The Winter 2022 Release of SingleStoreDB added performance improvements for transactional (OLTP) and analytical (OLAP) workloads — particularly, for working with JSON and string data.
This article will present several examples to demonstrate the speedup, so you can experience the performance improvements first hand.
Introduction
It’s no secret JSON is a wildly popular data format, used by developers and engineers all over. We’ve previously covered how SingleStoreDB supports JSON — with the latest innovation in 8.0 for seekable JSON. This enables JSON data to be stored in a compressed format, and when specific rows need to be retrieved, only the retrieved data needs to be decompressed. Figure 1 shows the previous approach for accessing JSON data (left-hand side) and the new approach (right-hand side). The new approach makes JSON suitable for both OLTP and OLAP applications, further cementing SingleStoreDB as the ideal, unified database.
For developers working extensively with JSON, that means there are no changes in data format or JSON Functions, as enhancements are under the covers. What developers will notice, however, are the performance gains. For management, the improved performance means SingleStoreDB becomes a more compelling business solution, removing the need to integrate multiple products or databases, leading to better Total Cost of Ownership (TCO).
Seekable JSON in Action
On SingleStore's YouTube Channel, there is a great 5-minute video demonstrating “Faster Seeks for JSON Data on Universal Storage” — and the demo results are impressive. Interested in trying it for yourself? Fortunately, all the details are provided in the SingleStore documentation, and you can find the demo code in the JSON Performance section.
One way we can test the code locally is to install SingleStoreDB in a virtual machine environment (you can find the details for how to do that here). You can also give this a try using the SingleStoreDB Dev Image, which contains all the required software.
Install SingleStoreDB
Let’s install SingleStoreDB in a virtual machine environment, which takes just a few minutes. For this article, we'll only need two tarball files:
Assuming a two-node cluster was correctly deployed and using the same variable names from the virtual machine set up, we can connect to our cluster from a MySQL CLI Client as follows:
mysql --local-infile -u root -h ubuntu -P 3306
--default-auth=mysql_native_password -p
Once connected to our cluster, we need to execute the JSON Performance demo code. The demo code produces over 8 million rows of data.
Results
Executing the code:
CALL get_avg_time(100);
three times with:
SET GLOBAL use_seekable_json = OFF;
produced the following results:
+------------+
| avg_time |
+------------+
| 0.46785009 |
+------------+
+------------+
| avg_time |
+------------+
| 0.49248448 |
+------------+
+------------+
| avg_time |
+------------+
| 0.45003322 |
+------------+
Executing the code:
CALL get_avg_time(100);
three times with:
SET GLOBAL use_seekable_json = ON;
produced the following results:
+------------+
| avg_time |
+------------+
| 0.00581854 |
+------------+
+------------+
| avg_time |
+------------+
| 0.00237616 |
+------------+
+------------+
| avg_time |
+------------+
| 0.00180840 |
+------------+
The results are summarized in Figure 2 using a Log Scale.

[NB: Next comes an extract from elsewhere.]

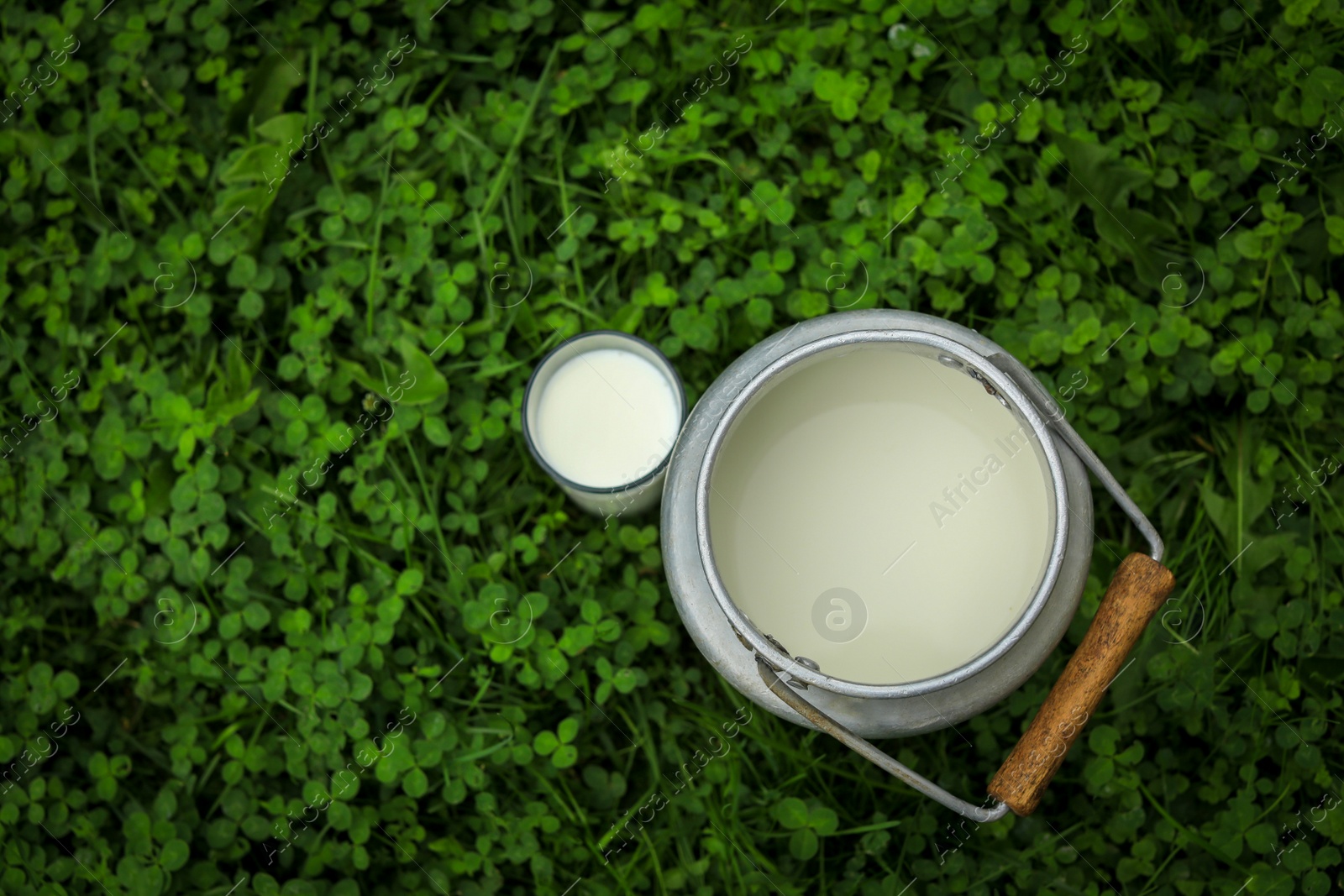 Photo of Can and glass with fresh milk on green grass outdoors, flat lay. Space for text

Taking the average, these results show we achieved over 140x performance improvement with seekable JSON with this small cluster set-up and environment.
Bonus: Using Los Angeles Police Department Crime Data
How does seekable JSON perform on real-world data? Let’s put it to the test with crime data provided by the Los Angeles Police Department — focusing on crime data from 2020 to present. The data can be downloaded in a CSV format, and is available under a Creative Commons CC0 1.0 Universal license. From the website:
“This dataset reflects incidents of crime in the City of Los Angeles dating back to 2020. This data is transcribed from original crime reports that are typed on paper and therefore there may be some inaccuracies within the data. Some location fields with missing data are noted as (0°, 0°). Address fields are only provided to the nearest hundred block in order to maintain privacy. This data is as accurate as the data in the database.”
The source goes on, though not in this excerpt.